Turkey's election officials have overturned the election of a pro-Kurdish mayoral candidate in the eastern city of Van, his party said on Tuesday, triggering protests and clashes with police as opposition politicians criticised the move.
Police used tear gas and water cannon to break up a demonstration in Van, where the DEM party said its candidate in Sunday's municipal elections was ruled ineligible at the last minute. Demonstrations were also held in economic hub Istanbul.
The ruling was "unacceptable", Istanbul's re-elected mayor Ekrem Imamoglu, seen as a likely presidential candidate in the next election, posted on X (formerly Twitter).
He called on the government and electoral commission to "respect the people's will".
During nationwide municipal elections Sunday, DEM's Abdullah Zeydan had garnered over 55 percent of the vote in Van, which lies on Lake Van around 80 kilometres (50 miles) from Turkey's eastern border with Iran.
His exclusion left the way clear for the candidate from President Recep Tayyip Erdogan's ruling Justice and Development Party (AKP) to take the mayorship with just 27 percent of the vote, DEM added in a statement.
DEM said that just two days before the vote, the justice ministry had reversed a court decision that restored Zeydan's right to stand for election.
Zeydan had been elected to parliament on the HDP (now DEM) ticket in 2015, but arrested in 2016 with a dozen other deputies after criticising the Turkish army's aerial bombardments of outlawed Kurdish militants in the southeast.
Speaking to reporters during a rally outside the Supreme Election Board in the capital Ankara DEM co-chair Tuncer Bakirhan told reporters that Van had suffered a "political coup".
Residents of the region reject mayors imposed on them by the exclusion of candidates who won the vote, he said.
"This is not the way to respect the will of the people" as Erdogan had promised to do on election night, Selahattin Demirtas, a former DEM leader, said in a statement from prison where he has been held since 2016 on terrorism charges.
"We call on all our people, especially the people of Van, and all pro-democracy forces and political parties to stand against this unlawfulness," he added in the text communicated via his lawyers.
Zeydan can appeal the decision that sparked protests in Van province, home to around 1.1 million people.
Television footage showed hundreds of protesters gathered outside DEM's Van headquarters in a show of solidarity.
"Abdullah Zeydan is our honour," they chanted. "Government-appointed trustees cannot deter us."
Police fired tear gas and water cannon to break up the protest.
Some 150 people also rallied on the Asian side of Istanbul to protest the regional electoral commission's decision, unfurling banners reading: "No to government trustees" and "Don't touch the will of Kurdish people", according to an AFP photographer on the scene.
AKP spokesman Omer Celik said the issue was at the discretion of the regional election commission, not the government in Ankara.
"If (the party) wants to appeal the decision, the mechanisms for that are clear," he told reporters after the party's central executive committee meeting.
Celik also criticised the scuffles in Van between the police and protesters, who he claimed hurled stones at the officers.
"Democratic protest is everyone's right.
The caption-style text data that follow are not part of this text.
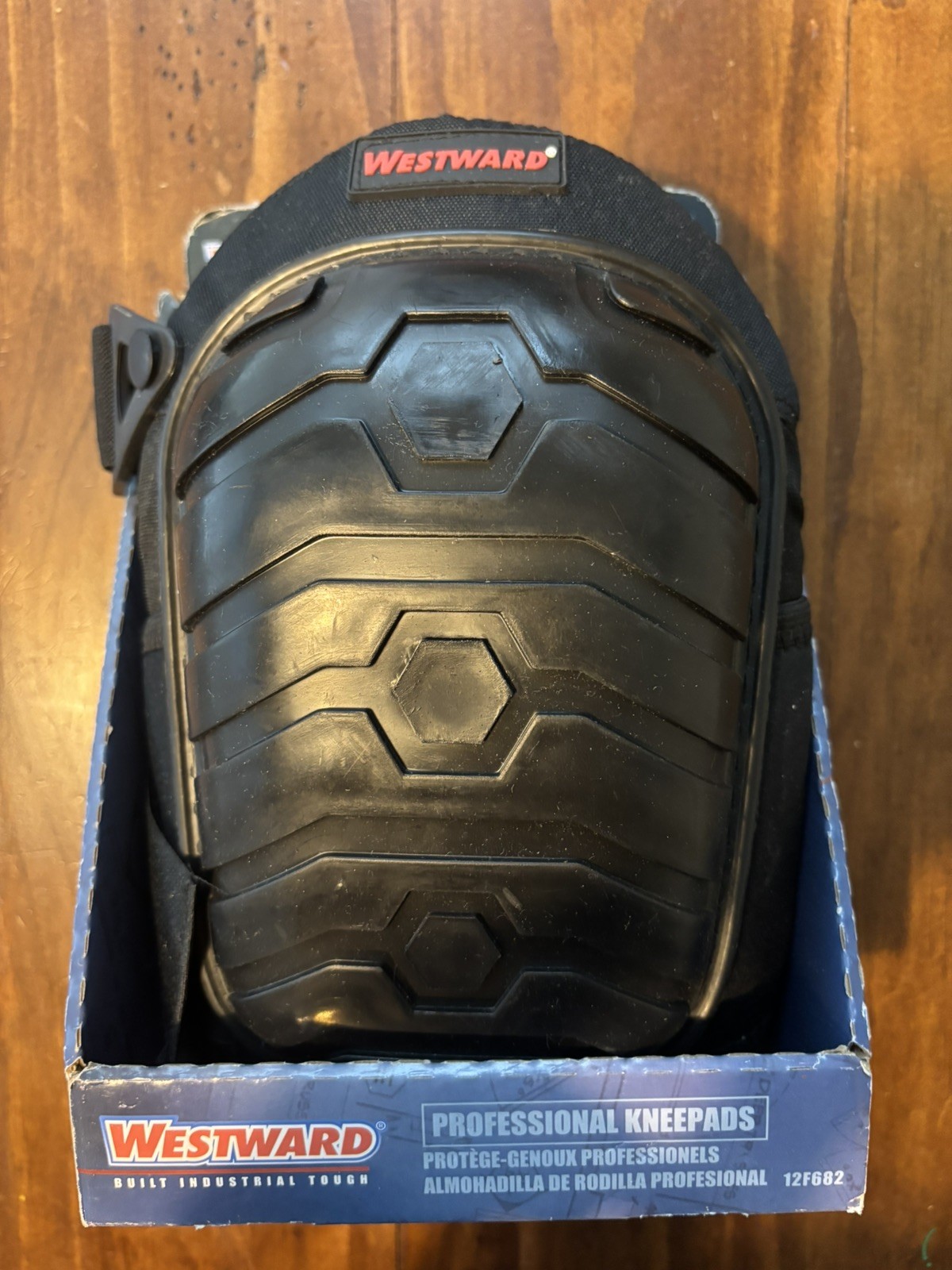 SOFTGEL BLACK WORK/GARDEN KNEEPADS ONE SIZE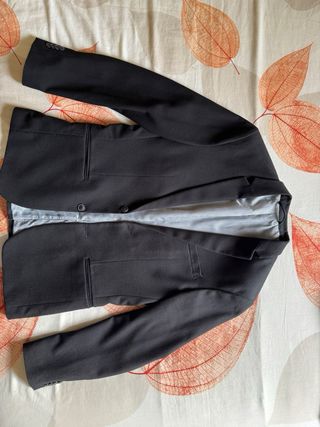 Americana Jack & Jones Negra Talla M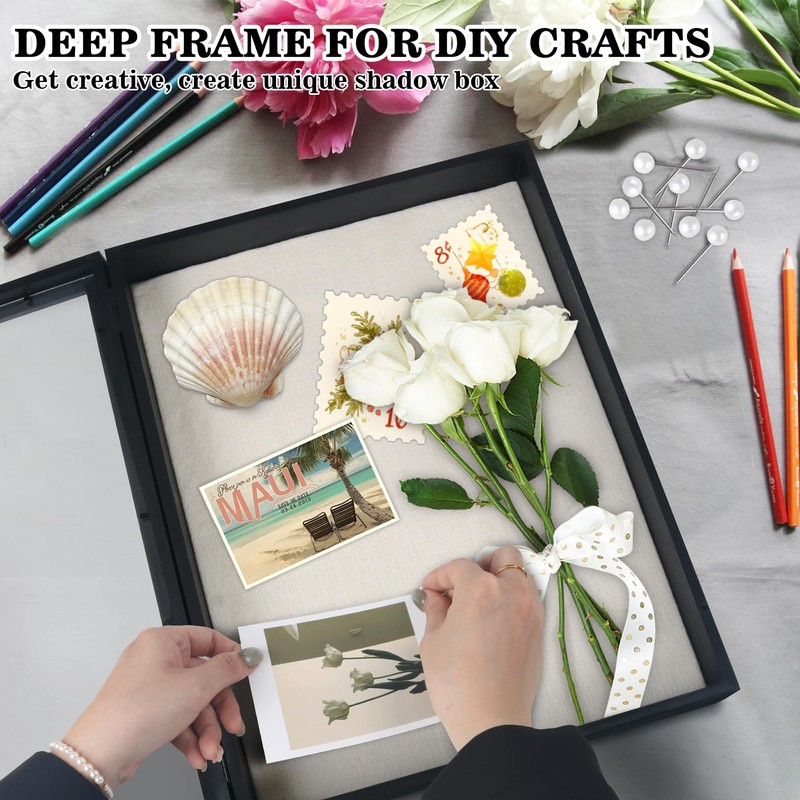 13 x 16 Shadow Box Frame, Large Shadow Boxes Display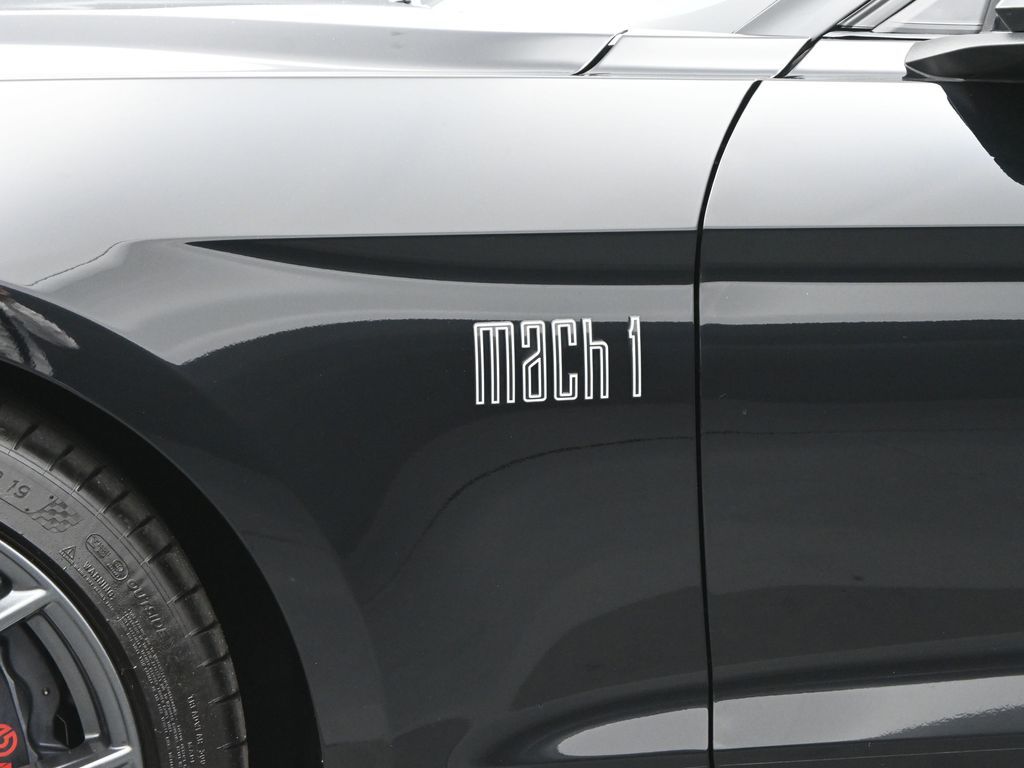 2021 Ford Mustang Mach 1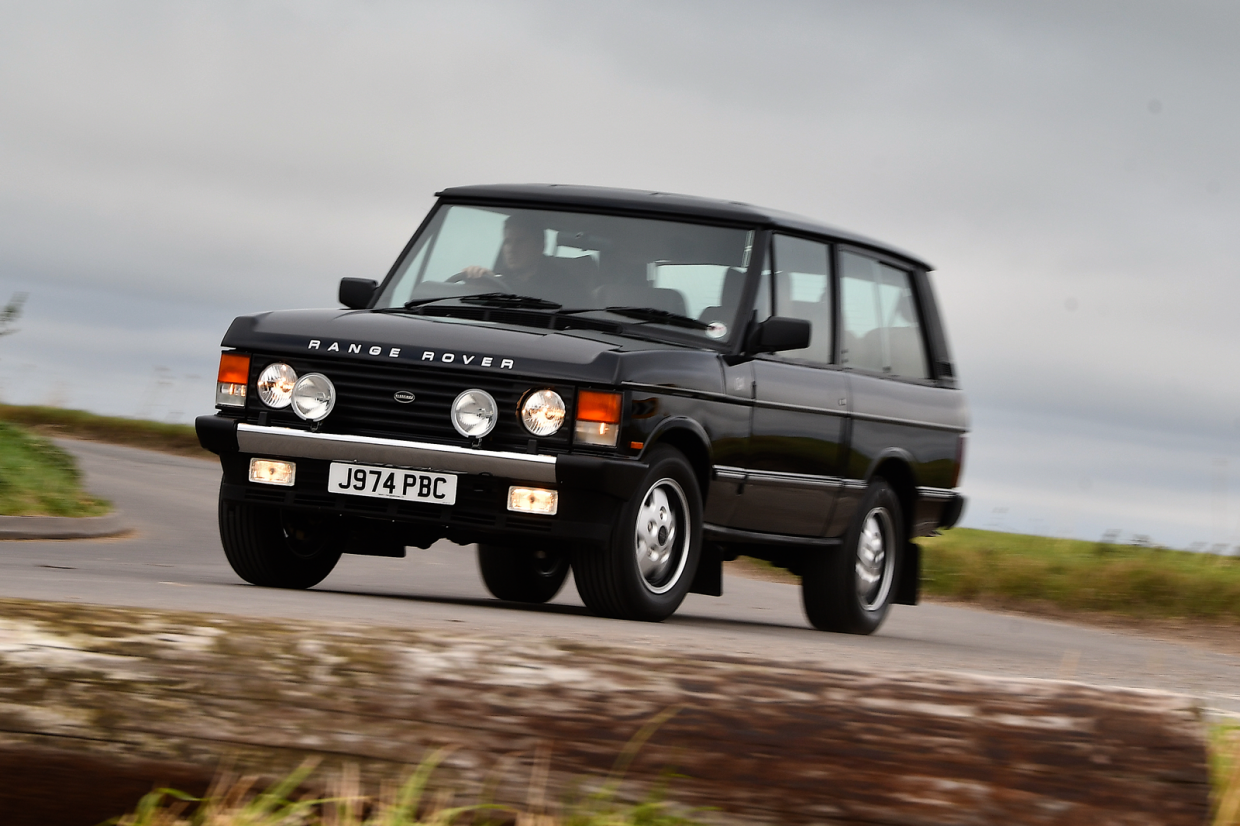 Classic & Sports Car –  King of the hill: driving the Range Rover CSK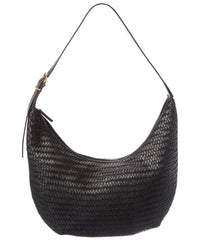 Madewell Essentials Curve Handwoven Shoulder Bag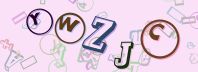 This is a captcha-picture. It is used to prevent mass-access by robots. (see: www.captcha.net)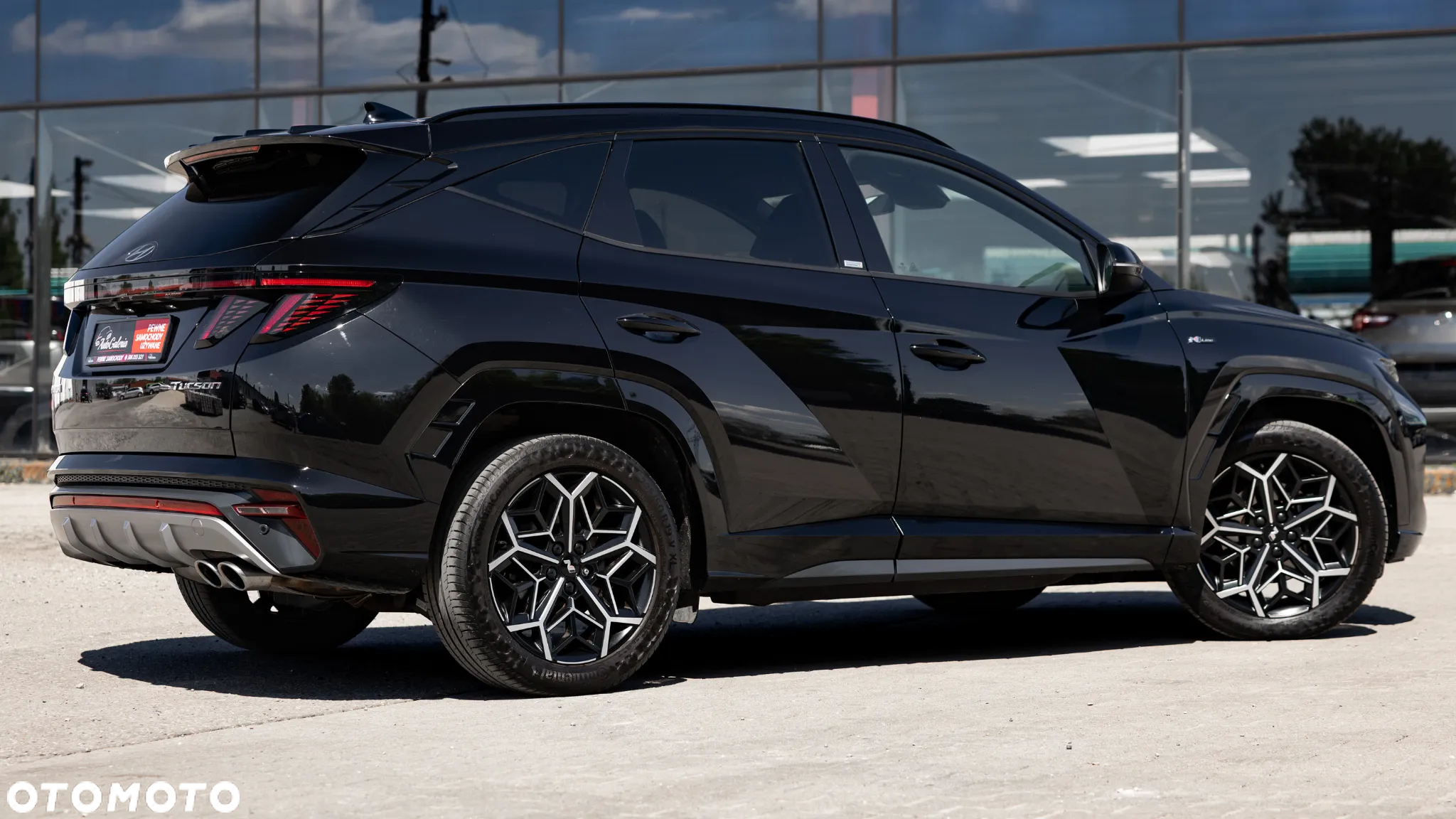 Hyundai Tucson 1.6 T-GDi 48V-Hybrid 2WD N Line - 11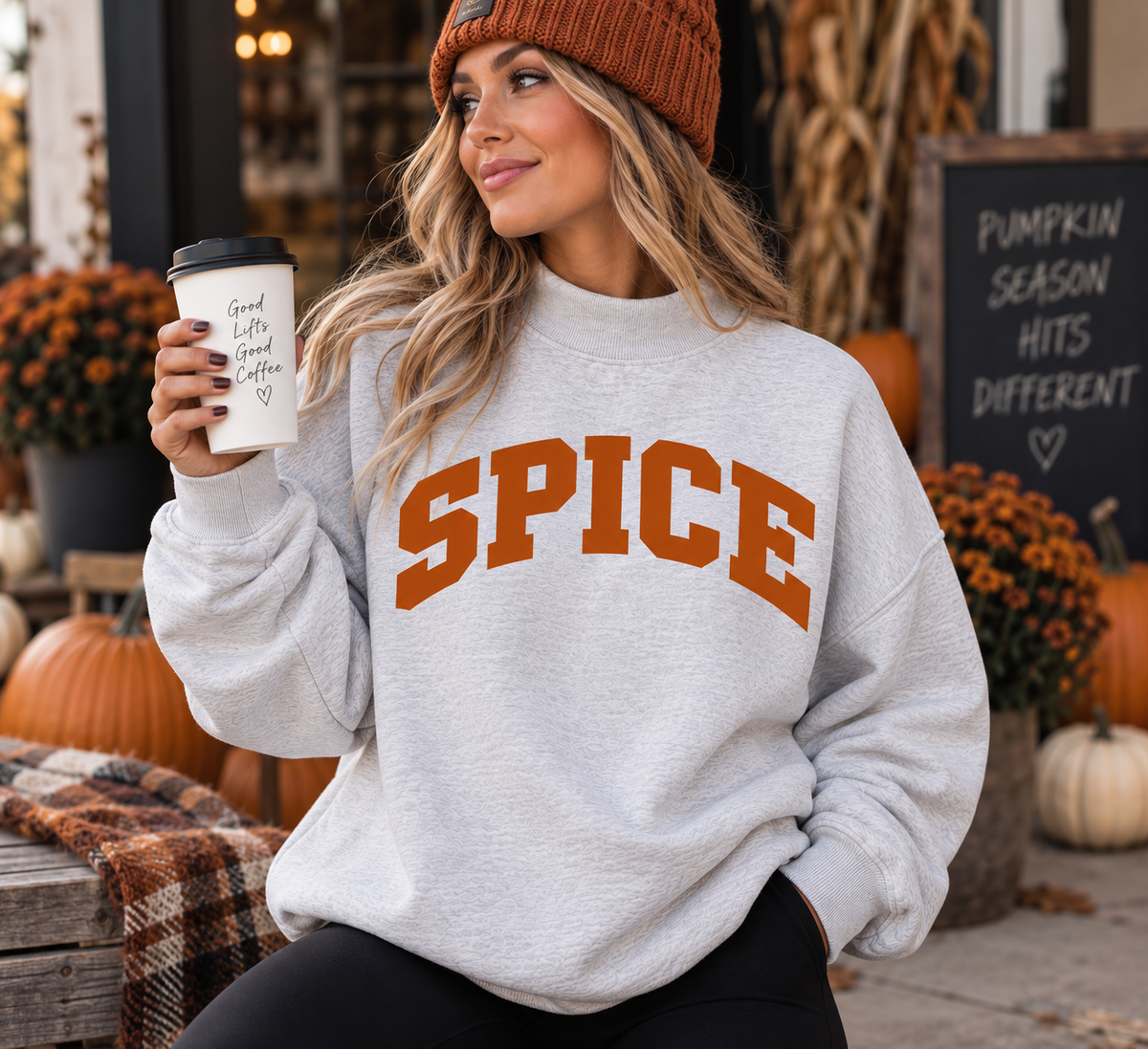 SPICE Mockneck Sweatshirt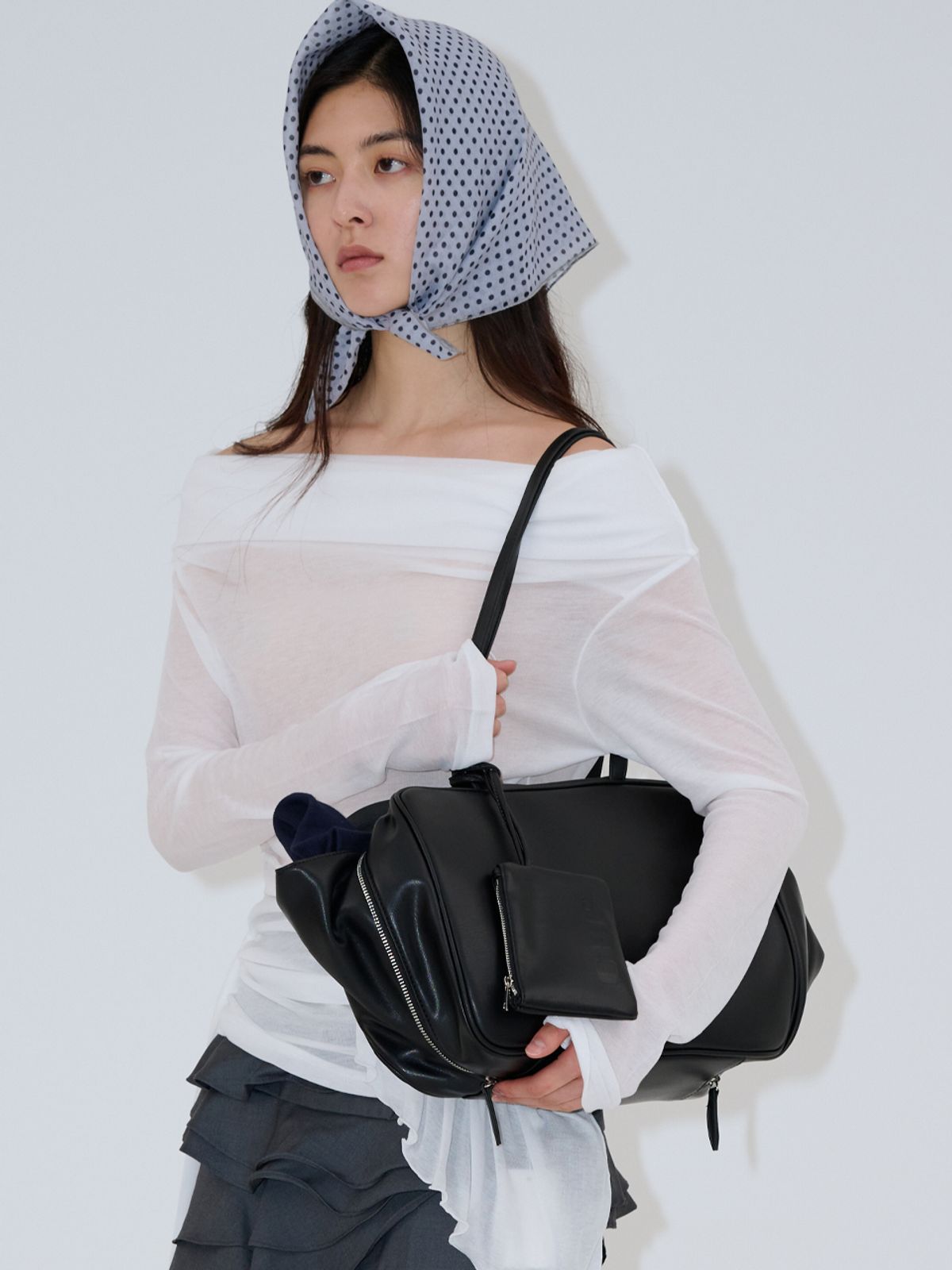 샐볼(SALBOL) CEIS MELO BAG [BLACK]
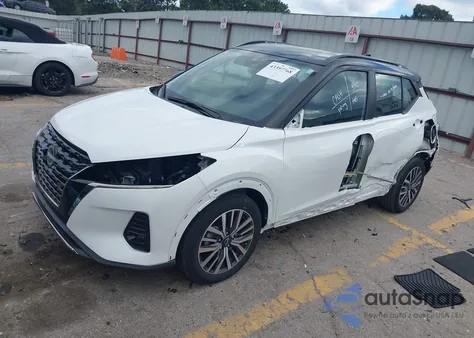 2023 Nissan Kicks Sr Xtronic Cvt from USA, damaged, VIN 3N1CP5DV7PL555989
There is no place for turning it into a violent incident or attacking the police," he said.
Ozgur Ozel, leader of the opposition CHP Party whose candidates won Istanbul and Ankara as well as inner Anatolian cities in Sunday's vote, backed DEM, calling the overturning of Zeydan's victory a "disgrace".
DEM - accused by authorities of links to outlawed Kurdish militants - during Sunday's municipal vote captured control of mayorships of large towns in Turkey's Kurdish-majority southeast, including the region's largest city Diyarbakir.
Following the 2019 elections, 52 mayors elected in the southeast on the HDP (now DEM) ticket were stripped of office and replaced by state-appointed administrators for alleged ties to Kurdish militants.
That followed a 2016 coup attempt against Erdogan's government, which prompted a massive crackdown on opponents of all stripes.